La vecchiaia è saggezza, è un recipiente colmo di esperienze; sì è la fine della vita, ma proprio come tale è il momento in cui si fa l’analisi della propria coscienza, si analizza la propria vita e ci si rende conto che sta tutto per finire. E’ l’unico momento in cui davvero si prende consapevolezza dell’mportanza della vita, è il raggiungimento di una meta, è l’attimo in cui ci si mette faccia a faccia con il proprio percorso, e da spettatore ci si gode di tutti i momenti piacevoli o meno che hanno fatto sì che un uomo è ciò che è, che abbia fatto ciò che doveva fare, che gli errori gli abbiano permesso di raggiungere comunque l’età matura e che, dunque, tutto serve a qualcosa. Questo è il vero significato della parola “anziano”, giunto al punto della vita in cui ci si rende conto che “[…] la vita anteriore onorevolmente vissuta coglie infine i frutti dell’autorità.” come sosteneva Cicerone (1). L’uomo anziano è autorevole proprio perchè il suo passato è il presente di un uomo più giovane e, quindi, ha le capacità di saper discernere ciò che è bene da ciò che non lo è, dal momento che tutte le sue azioni, i suoi pensieri gli hanno permesso di evitare o di compiere un errore, quell’errore che tutti potrebbero fare quando non si ha la giusta maturità per concepire le conseguenze.

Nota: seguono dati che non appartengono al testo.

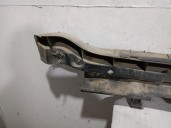 Recambio de refuerzo paragolpes trasero para citroën xsara picasso (n68) 1.6 hdi referencia OEM IAM 7414R6 7414R6 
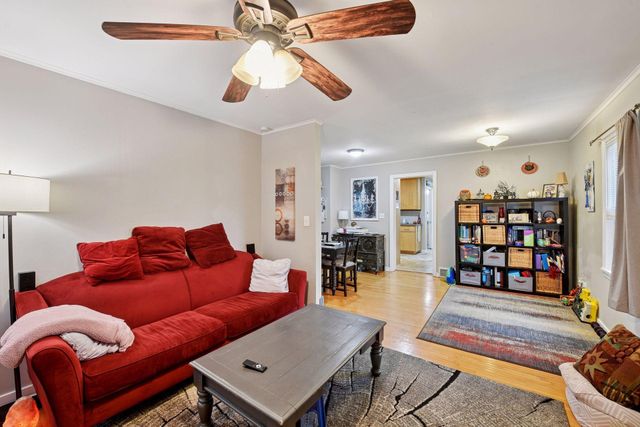 14 W 47th St, Minneapolis, MN 55419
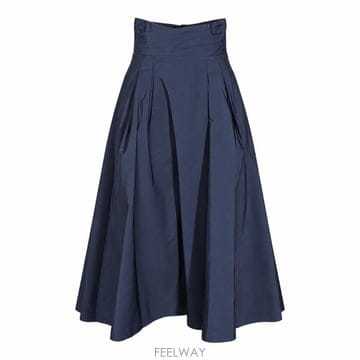 | Other Brand | [B47]ELISABETTA FRANCHI GO22767E2H88 ���� ��ĿƮ ġ�� ELISABETTA FR[B47]ELISABETTA FRANCHI GO22767E2H88 ���� ��ĿƮ ġ�� 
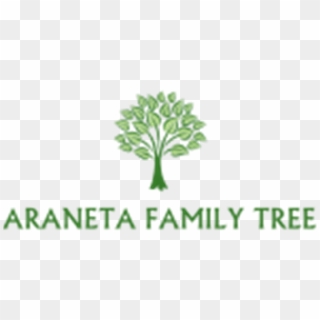 Tree, HD Png Download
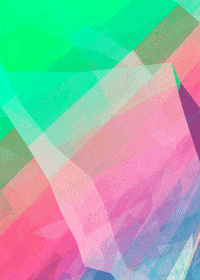 art p5 GIF by Adam Ferriss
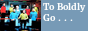 tosbutton.gif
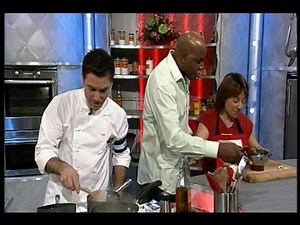 Ready Steady Cook - Sn 15: Ep.112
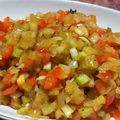 さいこ姫's cooksnap of when they made 白身魚のムニエル♪香味ソース♪.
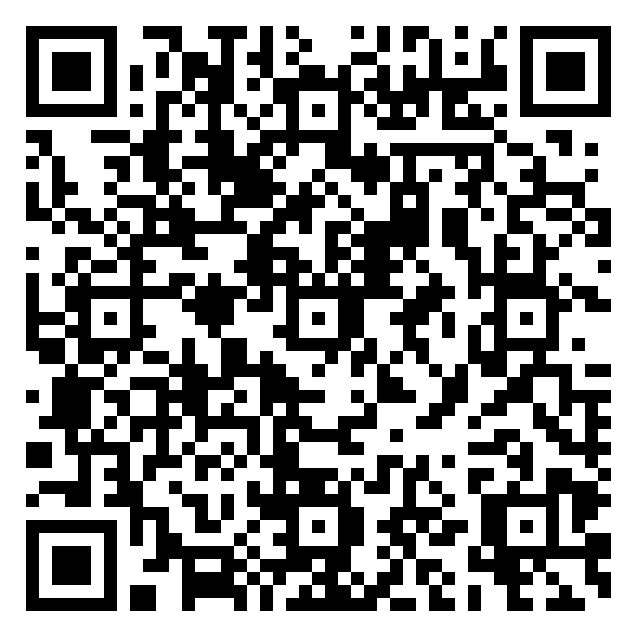QR code 00000000000000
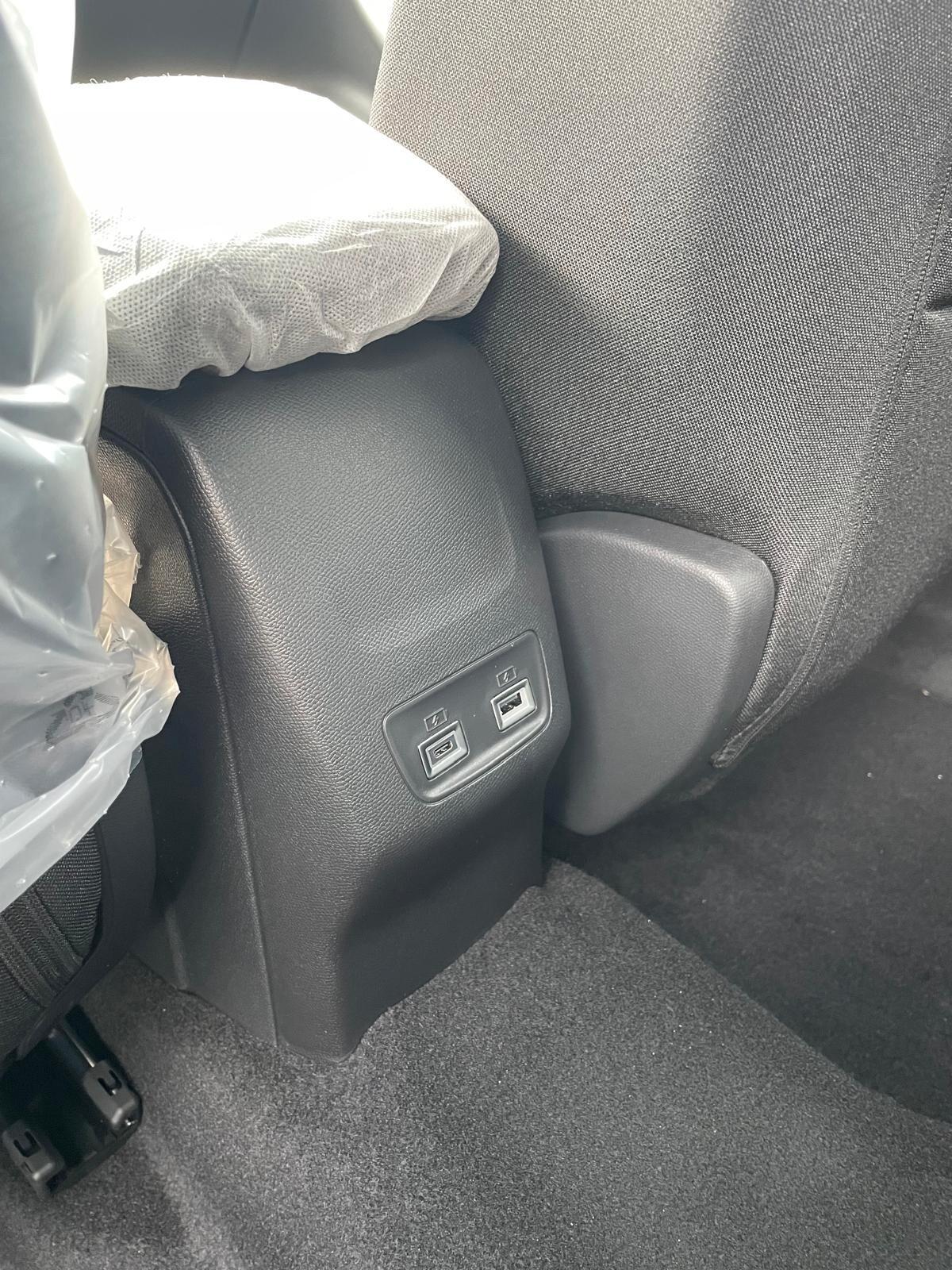 Peugeot 2008 1.2 PureTech 100 S&S Allure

Un vecchio è “mal vissuto”(2) quando ha trascorso la propria vita senza alcuno scrupolo, sarà allora che la vecchiaia servirà come presa di coscienza o come continua perseveranza, ma un vecchio malvagio si riconosce sin dal primo sguardo come emerge dalla descrizione presente ne “I promessi sposi” (2) “[…] spalancando due occhi affossati e infocati, contraendo le grinze a un sogghigno di compiacenza diabolica, con le mani alzate sopra una canizie vituperosa […]”. In ogni caso è vero che il corpo imprime su se stesso i segni del proprio trascorso, ma la vecchiaia può essere sia uno stato fisico che uno stato mentale; si può essere vecchi nell’adolescenza e adolescenti nella vecchiaia, tanto che Seneca al suo allievo Lucilio diceva “[…] non avverto nel mio animo le ingiurie del tempo, mentre le sento nel mio corpo. Soltanto i miei difetti e tutto ciò che era al loro servizio sono invecchiati, l’animo è vigoroso e si rallegra di non avere molto da spartire con il corpo […]” (3), “tutto ciò che era al loro servizio” altro non è che l’aspetto esteriore, il fisico, il corpo che vecchio e vissuto comincia a perdere forze, ma la mente è giovane, la mente sa, la mente è cresciuta parimenti al corpo, ma invece di svilire è sempre più robusta, poiché alimentata dal sapere che si è appreso lungo l’arco dell’esistenza.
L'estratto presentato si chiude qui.